» **EXERCISE DESCRIPTION**:
Find the line containing "SEM MACHINERY SEM636D Carregadeiras de rodas" in the data below, then output that line and each one after it exactly, with nothing else.

» **DATA**:

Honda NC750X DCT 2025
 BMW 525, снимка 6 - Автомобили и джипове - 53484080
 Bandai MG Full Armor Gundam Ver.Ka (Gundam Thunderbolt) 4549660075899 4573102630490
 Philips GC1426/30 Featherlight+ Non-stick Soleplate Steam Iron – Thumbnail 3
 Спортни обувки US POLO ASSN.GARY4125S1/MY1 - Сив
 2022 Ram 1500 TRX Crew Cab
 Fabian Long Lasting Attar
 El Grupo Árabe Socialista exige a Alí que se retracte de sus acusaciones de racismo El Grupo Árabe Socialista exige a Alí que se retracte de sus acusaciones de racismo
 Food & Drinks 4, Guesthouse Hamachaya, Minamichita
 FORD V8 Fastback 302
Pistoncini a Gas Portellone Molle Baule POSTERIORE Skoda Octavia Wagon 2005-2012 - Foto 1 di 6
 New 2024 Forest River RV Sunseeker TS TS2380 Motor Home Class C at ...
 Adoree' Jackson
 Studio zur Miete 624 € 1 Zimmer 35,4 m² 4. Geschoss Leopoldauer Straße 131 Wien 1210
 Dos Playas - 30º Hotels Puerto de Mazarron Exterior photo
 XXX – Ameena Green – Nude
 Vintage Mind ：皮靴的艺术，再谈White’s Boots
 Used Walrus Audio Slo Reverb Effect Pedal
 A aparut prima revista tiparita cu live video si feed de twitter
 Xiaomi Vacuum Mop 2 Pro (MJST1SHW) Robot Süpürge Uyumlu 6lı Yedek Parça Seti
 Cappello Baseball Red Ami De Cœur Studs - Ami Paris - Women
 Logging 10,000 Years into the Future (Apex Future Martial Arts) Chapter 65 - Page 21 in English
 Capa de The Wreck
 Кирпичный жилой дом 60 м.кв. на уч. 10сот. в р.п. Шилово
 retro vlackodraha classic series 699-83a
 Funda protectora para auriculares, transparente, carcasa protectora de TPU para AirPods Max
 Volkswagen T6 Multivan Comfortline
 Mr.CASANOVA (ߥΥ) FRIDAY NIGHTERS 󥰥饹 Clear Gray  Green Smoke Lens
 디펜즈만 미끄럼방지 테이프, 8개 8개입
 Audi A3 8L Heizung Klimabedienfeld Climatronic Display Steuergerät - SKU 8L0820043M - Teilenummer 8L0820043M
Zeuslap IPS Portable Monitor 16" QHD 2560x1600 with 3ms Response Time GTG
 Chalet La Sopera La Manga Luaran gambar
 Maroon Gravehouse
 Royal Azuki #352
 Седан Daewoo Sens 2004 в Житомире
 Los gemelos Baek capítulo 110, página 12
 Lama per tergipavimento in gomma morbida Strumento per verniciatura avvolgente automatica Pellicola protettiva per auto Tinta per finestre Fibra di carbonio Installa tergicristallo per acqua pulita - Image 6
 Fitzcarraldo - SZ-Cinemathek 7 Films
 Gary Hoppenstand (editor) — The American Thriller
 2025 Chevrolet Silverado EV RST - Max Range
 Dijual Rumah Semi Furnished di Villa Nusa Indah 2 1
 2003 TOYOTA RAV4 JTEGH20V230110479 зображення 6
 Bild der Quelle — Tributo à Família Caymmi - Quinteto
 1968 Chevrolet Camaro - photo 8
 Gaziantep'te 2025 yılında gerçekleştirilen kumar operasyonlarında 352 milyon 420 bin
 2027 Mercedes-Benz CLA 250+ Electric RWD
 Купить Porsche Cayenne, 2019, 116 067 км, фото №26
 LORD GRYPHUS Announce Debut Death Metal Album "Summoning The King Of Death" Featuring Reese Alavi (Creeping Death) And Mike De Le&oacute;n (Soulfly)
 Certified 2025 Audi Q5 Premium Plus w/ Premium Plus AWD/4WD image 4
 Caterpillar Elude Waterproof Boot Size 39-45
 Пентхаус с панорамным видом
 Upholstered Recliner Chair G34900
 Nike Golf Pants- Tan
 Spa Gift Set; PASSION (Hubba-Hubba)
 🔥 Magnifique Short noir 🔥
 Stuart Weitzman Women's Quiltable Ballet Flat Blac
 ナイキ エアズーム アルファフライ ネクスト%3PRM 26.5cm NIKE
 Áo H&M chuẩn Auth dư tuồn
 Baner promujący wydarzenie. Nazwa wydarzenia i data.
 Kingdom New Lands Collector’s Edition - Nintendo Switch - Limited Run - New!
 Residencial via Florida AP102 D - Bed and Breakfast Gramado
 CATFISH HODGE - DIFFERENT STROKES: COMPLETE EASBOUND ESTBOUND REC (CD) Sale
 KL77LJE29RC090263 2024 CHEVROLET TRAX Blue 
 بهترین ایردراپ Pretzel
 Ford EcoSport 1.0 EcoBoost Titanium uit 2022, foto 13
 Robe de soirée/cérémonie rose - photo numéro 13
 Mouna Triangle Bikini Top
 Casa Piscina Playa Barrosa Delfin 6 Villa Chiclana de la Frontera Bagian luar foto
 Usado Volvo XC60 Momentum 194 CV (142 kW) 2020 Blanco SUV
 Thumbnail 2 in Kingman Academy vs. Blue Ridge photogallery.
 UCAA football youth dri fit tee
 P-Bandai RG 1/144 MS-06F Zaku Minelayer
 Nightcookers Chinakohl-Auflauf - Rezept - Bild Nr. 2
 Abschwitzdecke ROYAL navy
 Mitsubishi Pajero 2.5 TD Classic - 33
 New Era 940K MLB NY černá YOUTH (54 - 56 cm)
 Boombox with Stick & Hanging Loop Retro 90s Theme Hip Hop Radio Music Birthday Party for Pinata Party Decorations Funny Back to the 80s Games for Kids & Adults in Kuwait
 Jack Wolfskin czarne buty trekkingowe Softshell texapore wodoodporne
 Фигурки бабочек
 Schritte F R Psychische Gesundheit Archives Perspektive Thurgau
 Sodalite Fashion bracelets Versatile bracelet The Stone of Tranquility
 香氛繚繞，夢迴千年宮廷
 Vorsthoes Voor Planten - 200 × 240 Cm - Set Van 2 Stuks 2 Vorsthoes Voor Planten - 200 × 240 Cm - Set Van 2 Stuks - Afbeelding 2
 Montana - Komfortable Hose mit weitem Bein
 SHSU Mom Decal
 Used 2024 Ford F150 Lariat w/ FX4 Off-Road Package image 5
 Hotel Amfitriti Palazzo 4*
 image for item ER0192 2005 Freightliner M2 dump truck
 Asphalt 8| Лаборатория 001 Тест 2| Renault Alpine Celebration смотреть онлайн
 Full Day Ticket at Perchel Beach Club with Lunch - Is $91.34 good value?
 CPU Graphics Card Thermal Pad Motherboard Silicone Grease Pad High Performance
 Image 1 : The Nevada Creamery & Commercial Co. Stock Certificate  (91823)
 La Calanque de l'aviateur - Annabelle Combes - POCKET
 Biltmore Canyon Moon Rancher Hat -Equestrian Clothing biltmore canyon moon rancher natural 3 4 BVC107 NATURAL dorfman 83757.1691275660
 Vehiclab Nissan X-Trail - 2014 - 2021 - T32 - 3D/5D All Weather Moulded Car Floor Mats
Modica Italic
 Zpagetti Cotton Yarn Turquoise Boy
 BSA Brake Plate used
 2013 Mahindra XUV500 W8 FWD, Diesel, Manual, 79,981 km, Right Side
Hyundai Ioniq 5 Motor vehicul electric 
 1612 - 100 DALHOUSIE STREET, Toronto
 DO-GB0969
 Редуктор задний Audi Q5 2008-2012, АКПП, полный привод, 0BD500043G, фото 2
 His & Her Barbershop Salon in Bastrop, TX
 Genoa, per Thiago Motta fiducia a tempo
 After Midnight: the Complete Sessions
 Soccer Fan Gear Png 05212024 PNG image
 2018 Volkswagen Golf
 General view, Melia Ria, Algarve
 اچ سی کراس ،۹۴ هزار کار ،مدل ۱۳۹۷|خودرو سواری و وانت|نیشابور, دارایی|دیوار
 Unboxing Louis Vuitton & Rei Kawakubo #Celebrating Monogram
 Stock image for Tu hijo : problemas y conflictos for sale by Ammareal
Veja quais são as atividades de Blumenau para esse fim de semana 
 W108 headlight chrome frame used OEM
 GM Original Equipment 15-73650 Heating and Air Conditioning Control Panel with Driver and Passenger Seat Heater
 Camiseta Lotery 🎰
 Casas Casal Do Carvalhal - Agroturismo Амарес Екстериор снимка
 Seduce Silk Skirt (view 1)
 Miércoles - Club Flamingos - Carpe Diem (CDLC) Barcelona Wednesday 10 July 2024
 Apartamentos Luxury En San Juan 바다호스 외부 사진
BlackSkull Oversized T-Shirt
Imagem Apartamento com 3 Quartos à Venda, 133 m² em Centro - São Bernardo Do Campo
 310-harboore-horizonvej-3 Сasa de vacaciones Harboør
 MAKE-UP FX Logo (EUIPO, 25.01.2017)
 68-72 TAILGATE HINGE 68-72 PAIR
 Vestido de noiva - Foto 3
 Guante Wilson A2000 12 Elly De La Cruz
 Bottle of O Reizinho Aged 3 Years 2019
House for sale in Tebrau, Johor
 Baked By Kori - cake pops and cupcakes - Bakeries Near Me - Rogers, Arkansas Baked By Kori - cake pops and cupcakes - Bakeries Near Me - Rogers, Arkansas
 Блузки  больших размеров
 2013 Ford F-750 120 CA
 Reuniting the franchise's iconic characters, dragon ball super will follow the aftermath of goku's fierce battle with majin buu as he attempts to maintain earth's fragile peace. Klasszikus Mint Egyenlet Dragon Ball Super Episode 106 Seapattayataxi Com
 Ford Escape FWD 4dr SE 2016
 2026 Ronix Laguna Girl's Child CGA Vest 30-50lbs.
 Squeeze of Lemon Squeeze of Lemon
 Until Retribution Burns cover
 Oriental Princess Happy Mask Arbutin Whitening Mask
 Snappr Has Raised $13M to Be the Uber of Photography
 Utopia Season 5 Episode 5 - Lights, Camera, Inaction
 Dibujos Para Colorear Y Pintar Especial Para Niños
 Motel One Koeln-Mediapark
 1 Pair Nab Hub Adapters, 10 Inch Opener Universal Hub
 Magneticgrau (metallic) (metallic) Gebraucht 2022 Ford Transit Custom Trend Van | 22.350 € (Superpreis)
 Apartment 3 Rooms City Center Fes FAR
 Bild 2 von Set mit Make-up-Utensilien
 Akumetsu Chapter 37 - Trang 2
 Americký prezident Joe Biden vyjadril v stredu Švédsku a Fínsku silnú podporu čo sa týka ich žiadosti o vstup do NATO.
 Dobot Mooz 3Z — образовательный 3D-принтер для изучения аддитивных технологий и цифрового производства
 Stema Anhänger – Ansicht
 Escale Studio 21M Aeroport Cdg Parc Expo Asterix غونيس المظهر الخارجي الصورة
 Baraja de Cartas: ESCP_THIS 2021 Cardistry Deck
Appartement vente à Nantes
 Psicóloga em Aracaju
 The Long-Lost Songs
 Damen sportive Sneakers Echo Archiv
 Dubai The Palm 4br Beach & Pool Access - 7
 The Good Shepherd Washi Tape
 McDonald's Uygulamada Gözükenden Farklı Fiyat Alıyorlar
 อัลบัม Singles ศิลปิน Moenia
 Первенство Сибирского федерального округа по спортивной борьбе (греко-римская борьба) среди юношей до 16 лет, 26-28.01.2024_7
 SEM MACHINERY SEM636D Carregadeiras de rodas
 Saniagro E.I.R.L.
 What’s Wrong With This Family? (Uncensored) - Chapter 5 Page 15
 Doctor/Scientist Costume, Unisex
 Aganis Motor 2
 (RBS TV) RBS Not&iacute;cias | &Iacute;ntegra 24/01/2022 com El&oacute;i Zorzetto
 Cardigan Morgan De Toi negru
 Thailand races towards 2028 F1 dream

» **EXPECTED ANSWER**:
 SEM MACHINERY SEM636D Carregadeiras de rodas
 Saniagro E.I.R.L.
 What’s Wrong With This Family? (Uncensored) - Chapter 5 Page 15
 Doctor/Scientist Costume, Unisex
 Aganis Motor 2
 (RBS TV) RBS Not&iacute;cias | &Iacute;ntegra 24/01/2022 com El&oacute;i Zorzetto
 Cardigan Morgan De Toi negru
 Thailand races towards 2028 F1 dream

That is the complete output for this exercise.